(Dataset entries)
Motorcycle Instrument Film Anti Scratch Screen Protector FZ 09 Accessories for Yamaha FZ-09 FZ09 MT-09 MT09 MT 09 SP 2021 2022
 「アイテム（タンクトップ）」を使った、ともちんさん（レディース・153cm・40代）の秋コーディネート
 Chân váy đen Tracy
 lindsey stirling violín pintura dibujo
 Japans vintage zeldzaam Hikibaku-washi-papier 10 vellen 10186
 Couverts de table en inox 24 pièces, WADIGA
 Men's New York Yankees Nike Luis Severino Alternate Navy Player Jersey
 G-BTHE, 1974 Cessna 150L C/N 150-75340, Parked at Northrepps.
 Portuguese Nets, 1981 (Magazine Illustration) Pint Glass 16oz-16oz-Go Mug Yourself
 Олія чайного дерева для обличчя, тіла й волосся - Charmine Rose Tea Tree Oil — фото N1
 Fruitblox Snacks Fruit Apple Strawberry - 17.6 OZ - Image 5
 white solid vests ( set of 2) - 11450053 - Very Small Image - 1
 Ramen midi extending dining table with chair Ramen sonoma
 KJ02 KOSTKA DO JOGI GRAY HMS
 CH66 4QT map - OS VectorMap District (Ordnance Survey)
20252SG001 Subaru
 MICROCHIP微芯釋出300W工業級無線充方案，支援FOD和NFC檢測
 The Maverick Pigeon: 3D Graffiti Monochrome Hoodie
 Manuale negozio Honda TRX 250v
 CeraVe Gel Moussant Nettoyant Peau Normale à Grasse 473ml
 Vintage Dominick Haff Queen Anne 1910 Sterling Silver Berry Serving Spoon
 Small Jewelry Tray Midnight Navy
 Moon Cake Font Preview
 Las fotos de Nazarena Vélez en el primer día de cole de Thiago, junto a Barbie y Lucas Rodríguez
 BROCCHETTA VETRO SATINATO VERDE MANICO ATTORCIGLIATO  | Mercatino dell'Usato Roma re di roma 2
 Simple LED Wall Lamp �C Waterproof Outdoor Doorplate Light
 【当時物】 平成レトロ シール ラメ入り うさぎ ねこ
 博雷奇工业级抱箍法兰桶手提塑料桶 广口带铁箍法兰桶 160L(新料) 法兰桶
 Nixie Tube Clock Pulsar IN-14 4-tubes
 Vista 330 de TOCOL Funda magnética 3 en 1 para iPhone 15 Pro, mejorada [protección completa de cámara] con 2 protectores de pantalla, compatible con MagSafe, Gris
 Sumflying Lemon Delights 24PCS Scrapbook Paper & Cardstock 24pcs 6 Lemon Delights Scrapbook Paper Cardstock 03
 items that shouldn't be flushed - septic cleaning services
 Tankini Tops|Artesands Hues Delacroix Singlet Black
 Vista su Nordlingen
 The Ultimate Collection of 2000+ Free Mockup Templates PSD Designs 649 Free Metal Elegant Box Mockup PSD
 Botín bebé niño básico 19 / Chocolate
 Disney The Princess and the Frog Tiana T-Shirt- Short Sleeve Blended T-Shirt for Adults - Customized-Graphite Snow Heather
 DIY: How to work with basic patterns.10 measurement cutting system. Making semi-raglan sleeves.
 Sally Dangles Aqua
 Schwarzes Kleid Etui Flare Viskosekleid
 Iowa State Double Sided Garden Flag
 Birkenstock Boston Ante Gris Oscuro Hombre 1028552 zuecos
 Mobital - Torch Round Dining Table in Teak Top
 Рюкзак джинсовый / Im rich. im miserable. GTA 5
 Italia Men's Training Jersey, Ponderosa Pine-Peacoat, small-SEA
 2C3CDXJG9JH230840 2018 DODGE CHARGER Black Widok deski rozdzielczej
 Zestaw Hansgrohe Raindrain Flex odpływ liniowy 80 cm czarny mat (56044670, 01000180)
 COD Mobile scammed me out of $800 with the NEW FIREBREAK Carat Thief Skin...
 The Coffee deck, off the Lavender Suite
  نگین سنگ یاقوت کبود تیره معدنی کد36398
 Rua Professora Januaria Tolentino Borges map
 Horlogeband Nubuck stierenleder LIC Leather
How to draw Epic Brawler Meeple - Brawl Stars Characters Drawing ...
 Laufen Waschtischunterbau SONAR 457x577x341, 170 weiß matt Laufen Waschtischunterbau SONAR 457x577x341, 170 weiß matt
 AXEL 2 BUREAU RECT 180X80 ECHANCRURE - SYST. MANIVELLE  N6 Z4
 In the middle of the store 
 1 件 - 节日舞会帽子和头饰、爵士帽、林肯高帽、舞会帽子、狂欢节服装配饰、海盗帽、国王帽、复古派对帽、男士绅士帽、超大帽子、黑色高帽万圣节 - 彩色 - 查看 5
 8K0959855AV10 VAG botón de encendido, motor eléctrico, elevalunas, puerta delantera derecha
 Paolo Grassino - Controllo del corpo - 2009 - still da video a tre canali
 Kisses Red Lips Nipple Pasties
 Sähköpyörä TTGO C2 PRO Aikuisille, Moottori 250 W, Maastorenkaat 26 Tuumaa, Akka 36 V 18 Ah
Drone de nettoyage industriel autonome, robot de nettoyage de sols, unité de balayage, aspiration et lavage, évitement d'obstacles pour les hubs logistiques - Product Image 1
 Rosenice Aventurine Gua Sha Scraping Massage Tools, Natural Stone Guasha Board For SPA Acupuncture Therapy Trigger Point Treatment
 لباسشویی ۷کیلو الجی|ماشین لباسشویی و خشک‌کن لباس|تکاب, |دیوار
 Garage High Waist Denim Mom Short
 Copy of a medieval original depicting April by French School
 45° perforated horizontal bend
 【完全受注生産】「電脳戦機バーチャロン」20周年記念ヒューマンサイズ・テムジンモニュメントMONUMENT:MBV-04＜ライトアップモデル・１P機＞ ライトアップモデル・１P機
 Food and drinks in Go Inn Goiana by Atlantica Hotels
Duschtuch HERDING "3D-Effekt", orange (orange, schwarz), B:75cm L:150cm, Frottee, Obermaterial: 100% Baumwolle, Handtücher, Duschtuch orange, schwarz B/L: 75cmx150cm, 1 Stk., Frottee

Task directions: Pull every line containing "Vista" out of the data above.

Answer space:
 Vista 330 de TOCOL Funda magnética 3 en 1 para iPhone 15 Pro, mejorada [protección completa de cámara] con 2 protectores de pantalla, compatible con MagSafe, Gris
 Vista su Nordlingen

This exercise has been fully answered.